Records supplied:
****************
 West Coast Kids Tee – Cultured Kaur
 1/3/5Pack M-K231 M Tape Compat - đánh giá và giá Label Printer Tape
****************
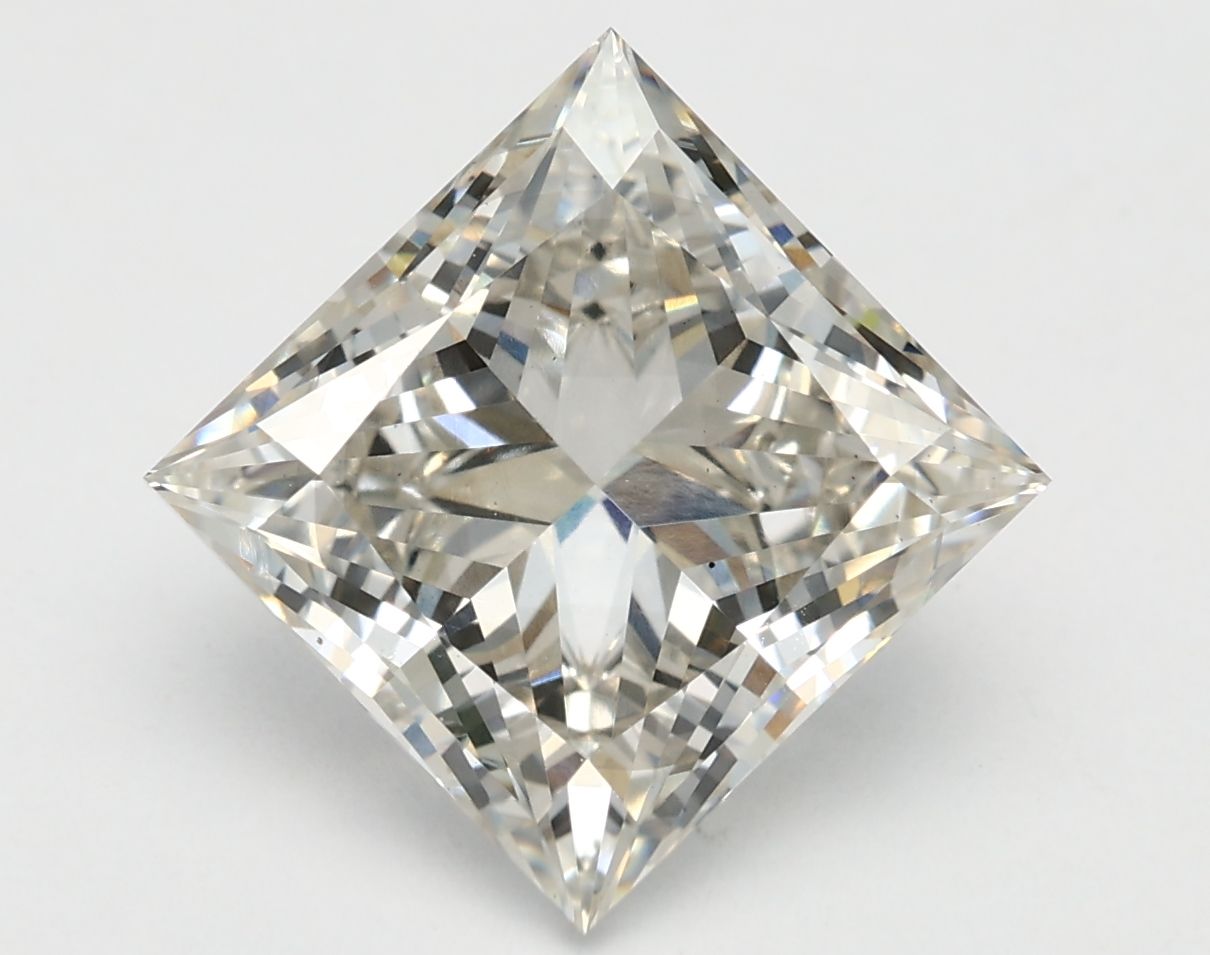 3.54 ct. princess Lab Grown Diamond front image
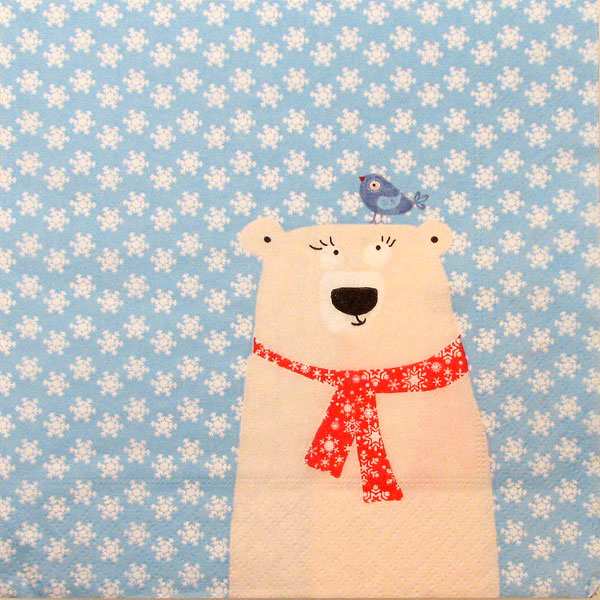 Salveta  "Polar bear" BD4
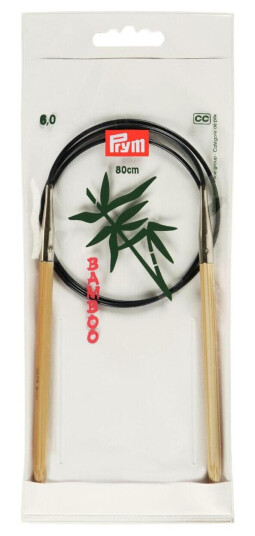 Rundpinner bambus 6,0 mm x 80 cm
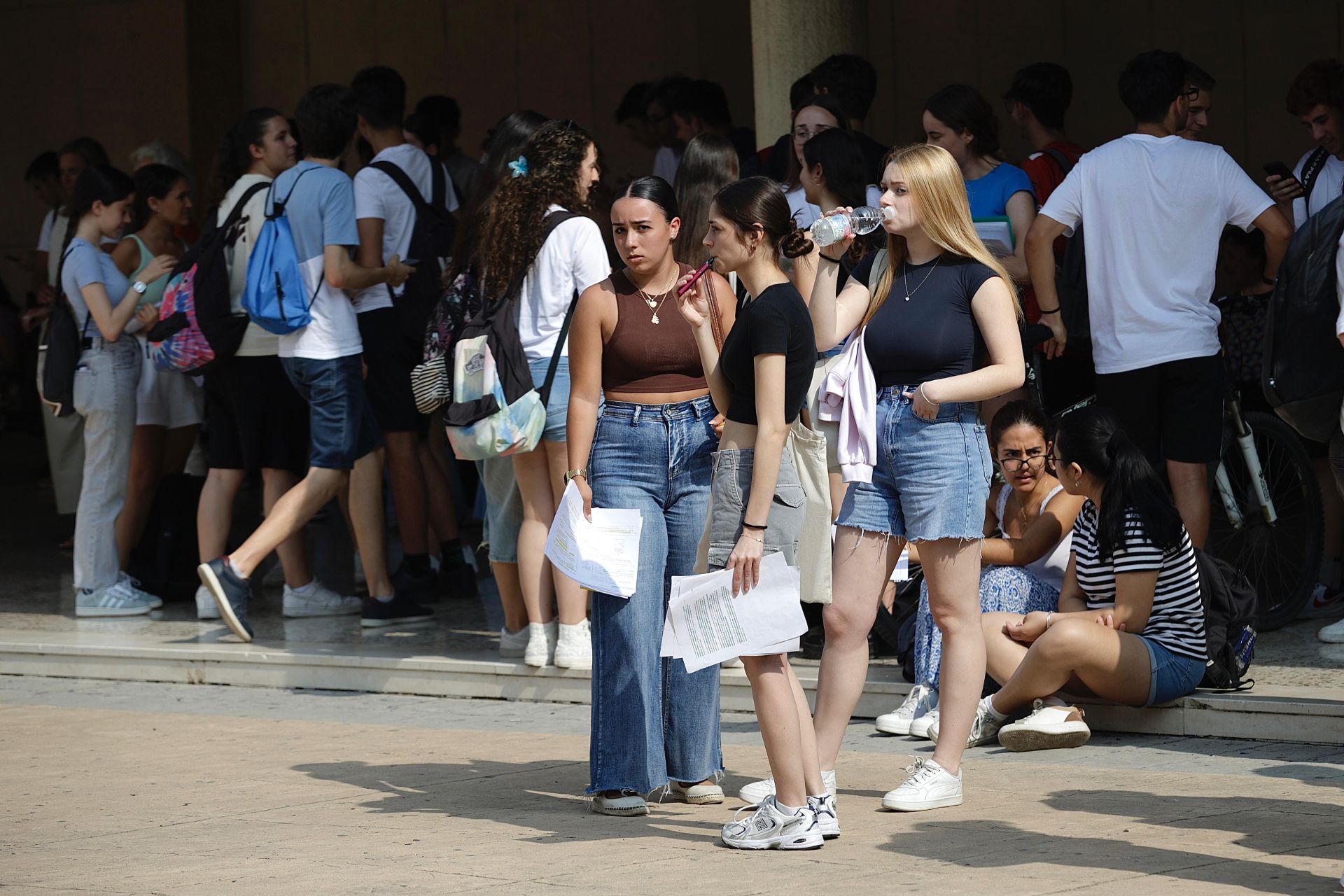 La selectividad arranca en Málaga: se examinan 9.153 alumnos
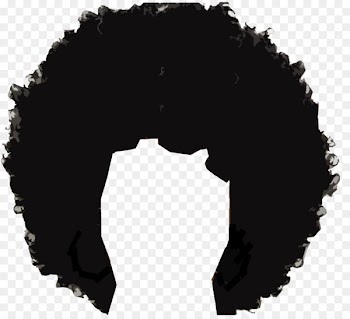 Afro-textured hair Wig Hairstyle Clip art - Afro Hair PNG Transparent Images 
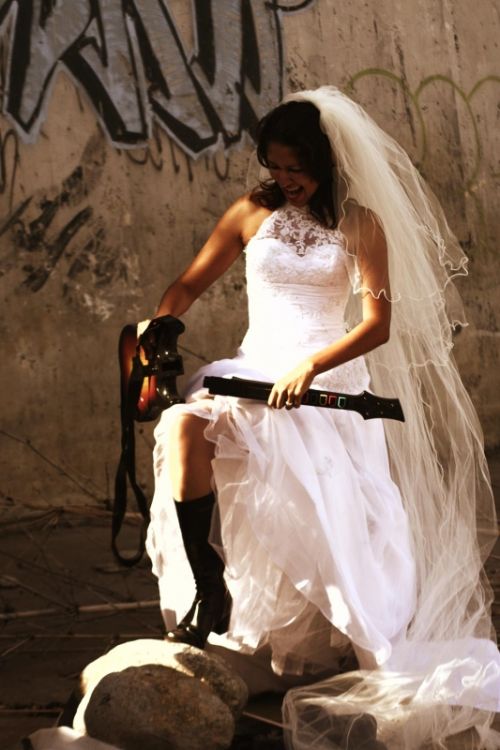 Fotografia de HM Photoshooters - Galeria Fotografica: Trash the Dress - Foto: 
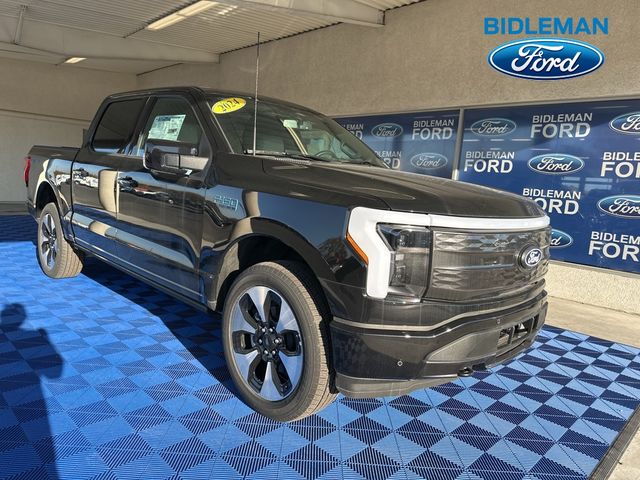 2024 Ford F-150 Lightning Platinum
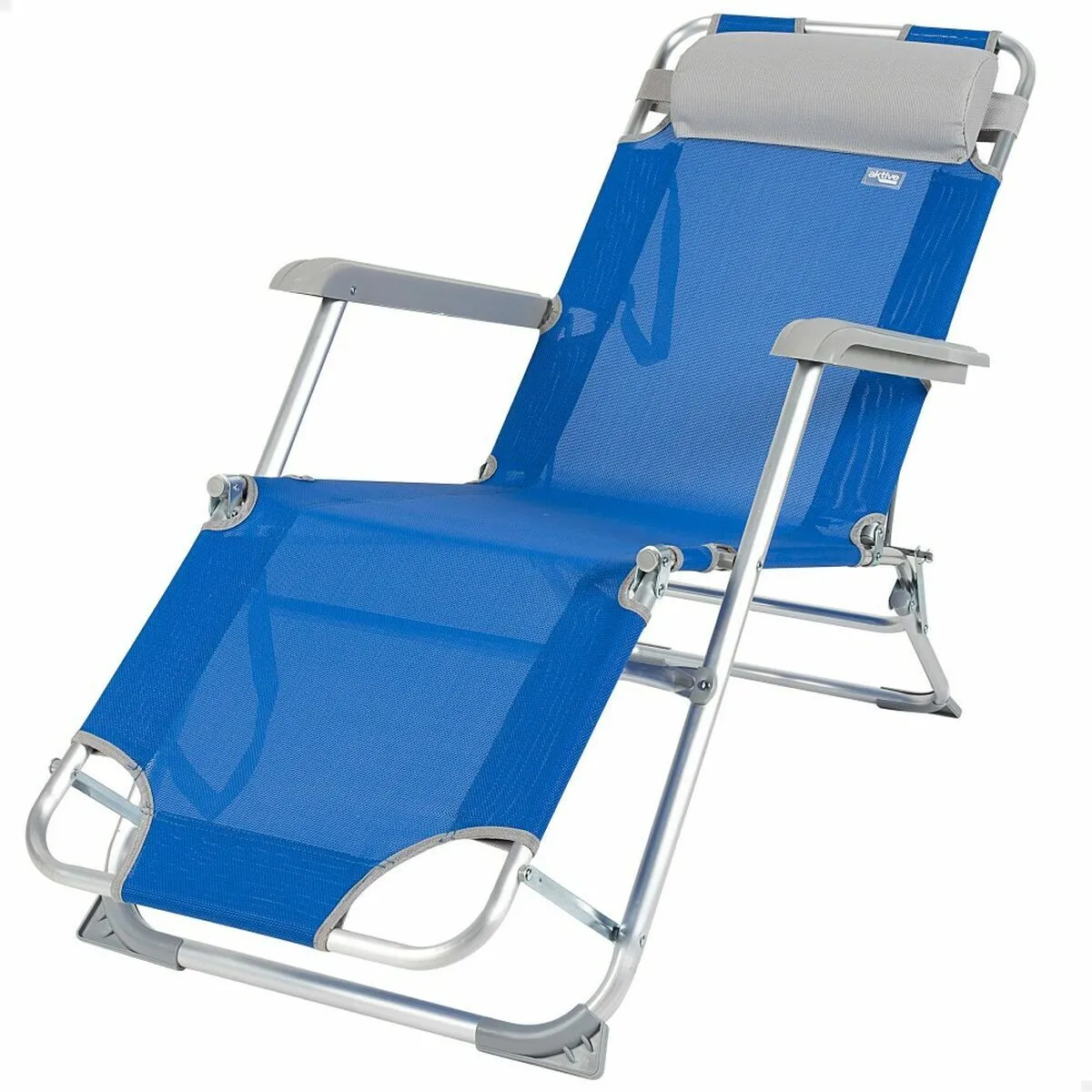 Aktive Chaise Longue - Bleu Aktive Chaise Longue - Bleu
****************
Aim of the task:
Print nothing except the lines above from the one containing "Rundpinner bambus 6,0 mm x 80 cm" down to the one containing "Aktive Chaise Longue - Bleu Aktive", both included, exactly as written and free of pictures.

Expected answer:
 Rundpinner bambus 6,0 mm x 80 cm
 La selectividad arranca en Málaga: se examinan 9.153 alumnos
 Afro-textured hair Wig Hairstyle Clip art - Afro Hair PNG Transparent Images 
 Fotografia de HM Photoshooters - Galeria Fotografica: Trash the Dress - Foto: 
 2024 Ford F-150 Lightning Platinum
 Aktive Chaise Longue - Bleu Aktive Chaise Longue - Bleu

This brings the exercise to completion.